I’m not done with Asia; not even close. But there is also the whole rest of the world. And now I’m embarking on another grand adventure, closer to my people. I’m not sure yet how these pages will transform on US soil, but I have an idea. And lots of stories left to tell.

* You’re welcome.

19 Responses to “Careful What You Wish For”

  1. Phoe says:

    So nice to see you blogging again. Glad it’s been a good year.

  2. Jess says:

    You know, now that your mention it, your teeth *have* been missing that Wah-Eee-Tuh Suh-pah-kul, lately… Beautiful post, Steph. Welcome back to this space, and cheers to this next grand adventure.

    p.s. – Has it really be A WHOLE YEAR??

  3. carolyn says:

    hey, good to see you blogging again! :) and FYI lately I can never comment on your flickr photos, I see other people somehow do, but there’s never a comment box below them for me. weird. (I mean I know you were DYING without my comments. Of course.)

    • Stephanie says:

      Oh my god Carolyn. Thank you. Somehow my settings got reset to default to only contacts for comments on new uploads. Which made me realize you aren’t a contact, which is doubly embarrassing! FIXED!

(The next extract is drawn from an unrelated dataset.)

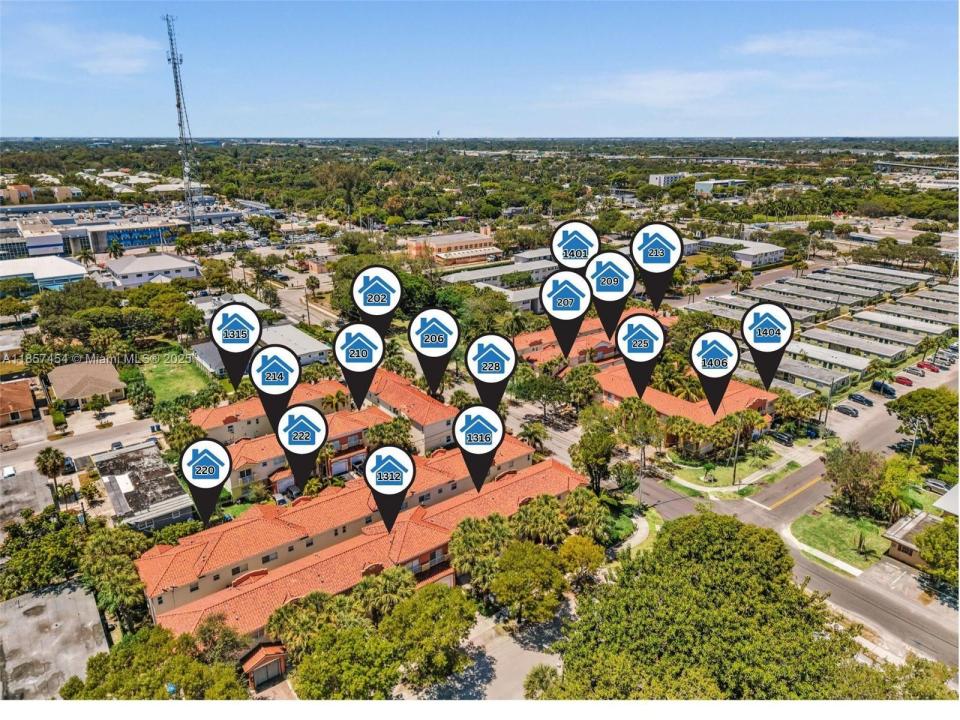 202 NW 14th Ave, Fort Lauderdale, פלורידה 33311, ארצות הברית של אמריקה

  4. it doesn’t matter how long you are away from this space, I love every word you write upon your return.

  5. Bonjour!
    I don’t know you “in real life” but i had been following your good-looking adventures and good-sounding words in Asia, and i’m glad to see you here again today. Life can keep on being exotic, can’t it? It sure keeps on being exciting and surprising. Wishing you the best, and looking forward to your next appearance in here ***

  6. laanba says:

    I enjoy reading your blog and looking at your photography so I am glad to see you back.

  7. tara thayer says:

    well, hello! i love that you are here. as in here, and as in here on us soil. so much better a chance i might see you again. xoxox.

  8. jen says:

    i cannot believe it’s been a year. You’ll do something magnificent with your stories untold. (I have the LOTTIE website music playing as I type this).
    when S and I travel, we raid apotheke’s and markets for everyday items and savor them for months upon our return… it’s one of my favorite travel habits.
    So I can only imagine the *aching twinge* of your heartstrings pulling in the attempt to squeeze the last droplet of arm and hammer korean toothpaste.
    And, uhem, HELLO! I hope I get to see you soon.

  9. Meera says:

    You are made of grand adventure.

  10. jodi says:

    your posts always make me so happy. this is no exception. xo

  11. Erik says:

    So glad to read your writing again.

  12. annamatic says:

    girl, i know what you’re saying. and i didn’t even do the “moving back home” part (yet), i just did the “moving away from korea” bit. one thing i learned by moving away: your “home” is an “away” for someone else, and your “away” is “home” to someone else; hence “ordinary” has nothing to do with the outside world and everything to do with the pair of eyes you look through…

  13. suzie says:

    Definitely so glad to see you write again. I bump into your blog while you was away, can’t believe my eyes when i see a new post. Hope all is well with you and your family =D

  14. rinomata says:

    nice to hear about you again!

  15. Lisa Sanchez says:

    This post gives me chills! It was so lovely to meet you at Jess and Eli’s. Sending you happy thoughts from Atlanta.

    • Stephanie says:

      Oh Lisa! I had such a great evening meeting you! Move back! Best wishes to you both on your new life in Atlanta and please come visit often!

  16. Pia says:

    How lovely to have found your blog today.
    It’s such a beautiful space, with such a distinct voice. I’m going to go browse some more.